Moving Goalposts: The Legacy of Qualified Immunity

By: Marques Rice, Esq.

Imagine that I asked you to draw a picture of a tree.  You find a pencil or pen and do your best to transform blank paper into your artistic representation of a tree.  Big leaves, maybe some apples or a nest.  Now, imagine that you show me the picture only to hear me say, “Well, when I think of ‘tree,’ I imagine something that looks like a weeping willow.  Yes, you drew a tree, but it does not fit the exact contours of my idea of a tree.”

Even the least athletically-inclined among us have probably heard a phrase to describe this type of scenario: moving the goalposts.  It is a metaphor that applies when one party, in the process of trying to complete a task, learns there are new requirements that did not exist before.  It is impossible to complete the task because the requirements changed.  Is that unfair?  Absolutely.  No surprise there.  What may be surprising is that that unfairness has wormed its way into a legal doctrine—called qualified immunity—that is now used to shield police from civil liability for horrifying actions.

What is Qualified Immunity?

Qualified immunity protects officials (usually police officers) from liability in civil rights lawsuits (i.e. money judgments, not criminal convictions) as long as their actions do “not violate clearly established statutory or constitutional rights of which a reasonable person would have known.”  If a police officer claims they are protected by qualified immunity, a judge must decide two things: (1) whether the officer’s conduct violated a constitutional right, and (2) whether that right was clearly established.  “Clearly established” means any reasonable official would understand that certain conduct would violate a constitutional right.
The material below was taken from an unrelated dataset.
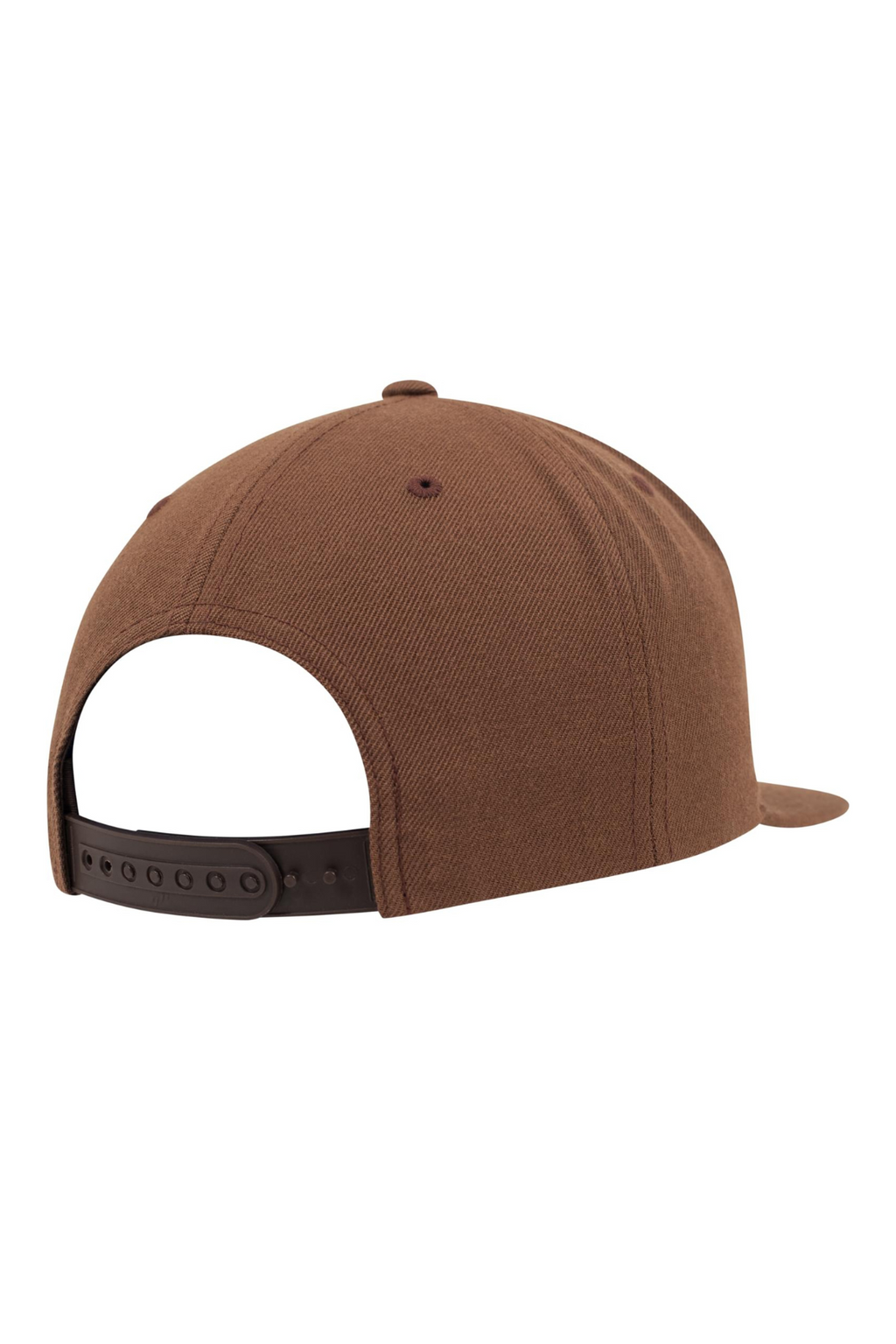 Classic Snapback - ruskea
Maybe it has been a while since you studied the Constitution or the rights and protections that it affords us.  Still, go with your gut feeling and guess which of the following are types of conduct that a reasonable official would know violate someone else’s constitutional rights:

  • A police officer ignores department procedures to engage in a car chase, rams the suspect’s vehicle off of the road, then shoots the suspect three times, point blank, resulting in the suspect’s death.
  • Police officers conducting a search of someone’s home steal $270,000 in cash and collectible coins.
  • A sheriff detains several innocent family members after a suspect runs onto their property.  Unprovoked and without warning, the sheriff shoots at the family’s dog.  The shot misses the dog, but hits a 10 year-old boy who had been forced to lie on the ground.
  • Police unleash a dog to attack a suspect who had surrendered by sitting on the ground and holding his hands up in the air.

How many of those actions clearly violate someone else’s constitutional rights?  If you guessed a number higher than zero, you are wrong (you are probably also confused and upset).  All of those cases were situations where a judge, using the doctrine of qualified immunity, decided that there was no law that clearly established that the officer’s conduct violated someone else’s constitutional rights.  What?  Why?  How?  Those are natural follow-up questions with a simple, but infuriating answer: qualified immunity is an exercise in moving the goalposts.
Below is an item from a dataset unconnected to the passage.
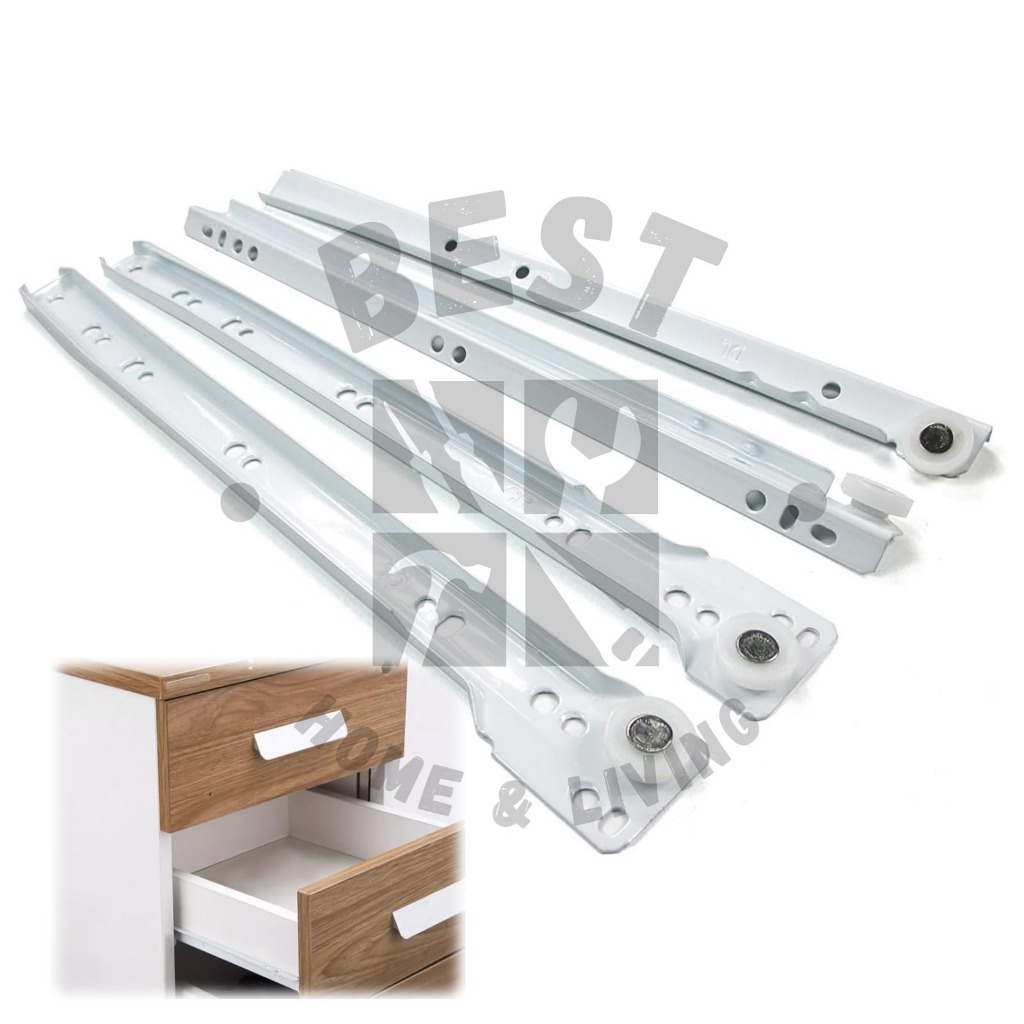 Heavy Duty Drawer Slide Roller 12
Let’s use the last case as an example.  There, a man (a) surrendered to police, (b) sat on the ground, and (c) raised his hands above his head.  The man’s attorneys argued that any reasonable police officer would know it was unconstitutional to use a police dog in that situation because, in a different case, the court ruled that it was unconstitutional to use a police dog to apprehend someone who (a) surrendered to police, (b) was lying on the ground, and (c) had his hands at his side.  It was a distinction without a difference.  The court disagreed and dismissed the case.

The court ruled that officers know they cannot use a dog on someone lying down because there is a case that says so.  However, that case did not clearly establish that officers should not use a dog on someone sitting down.  So officers have no way of knowing that is also unconstitutional, bad behavior because those facts are completely different.  This is qualified immunity in all of its goalpost-moving glory.  

George Floyd’s murder was horrifying and disturbing, and the officer deserves to end up in jail.  But the Floyd family’s civil suit for his death, which settled for $27 million, would have faced a tremendous hurdle if it went forward and the officer claimed qualified immunity.  Ironically, because the suit settled, we still do not have a case that says a police officer kneeling on someone’s neck for eight minutes is a constitutional violation.  When the next “George Floyd” happens—and our country’s history says it will happen again—the officer might claim there is no clearly established law prohibiting kneeling on someone’s neck.

“Clearly established” is an almost impossible standard to meet, which makes it a fantastic shield for police misconduct.  Someone fighting against an officer’s claim of qualified immunity must find a prior case with essentially identical facts.  Put another way, don’t show me a picture of any kind of tree; the only one that counts is the one that looks exactly like my singular definition of a tree.

What was new?   Did this help bring clarity about what is qualified immunity?  What will you do with this information?  What reactions do you have?  Had you hear about this prior to reading?  Have you seen bills trying to pass to change this law?

Comments

  1. Imani
    This was a great read, and I definitely learned something new!
    • raceandconvos
      Imani, We are delighted to hear that you learned something new. Thank you for stopping by and sharing!